Transcribe, word for word, every line from the one containing "Spice for Power" through the final line of the records, and omit the pictures.
◇ ◇ ◇ ◇ ◇
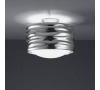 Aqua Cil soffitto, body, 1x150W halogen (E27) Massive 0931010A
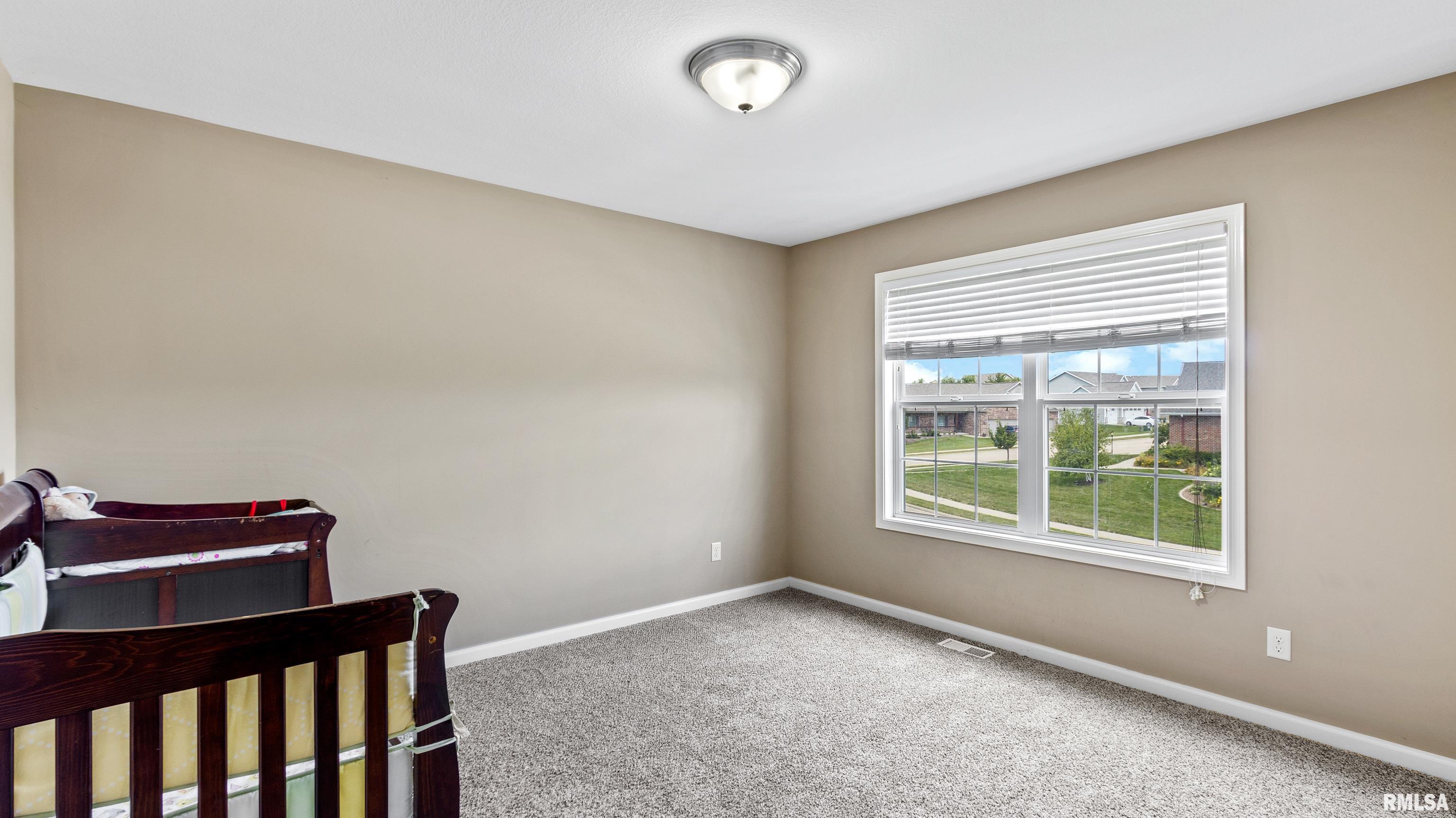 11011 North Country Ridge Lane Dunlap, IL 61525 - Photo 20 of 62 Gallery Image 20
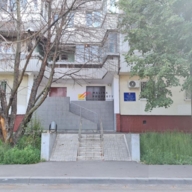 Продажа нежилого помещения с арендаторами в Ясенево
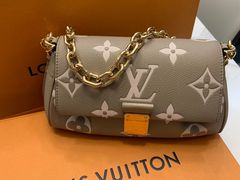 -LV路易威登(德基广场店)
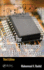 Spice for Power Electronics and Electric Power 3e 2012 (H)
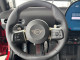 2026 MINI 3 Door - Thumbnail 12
◇ ◇ ◇ ◇ ◇
## Result of this exercise:
 Spice for Power Electronics and Electric Power 3e 2012 (H)
 2026 MINI 3 Door - Thumbnail 12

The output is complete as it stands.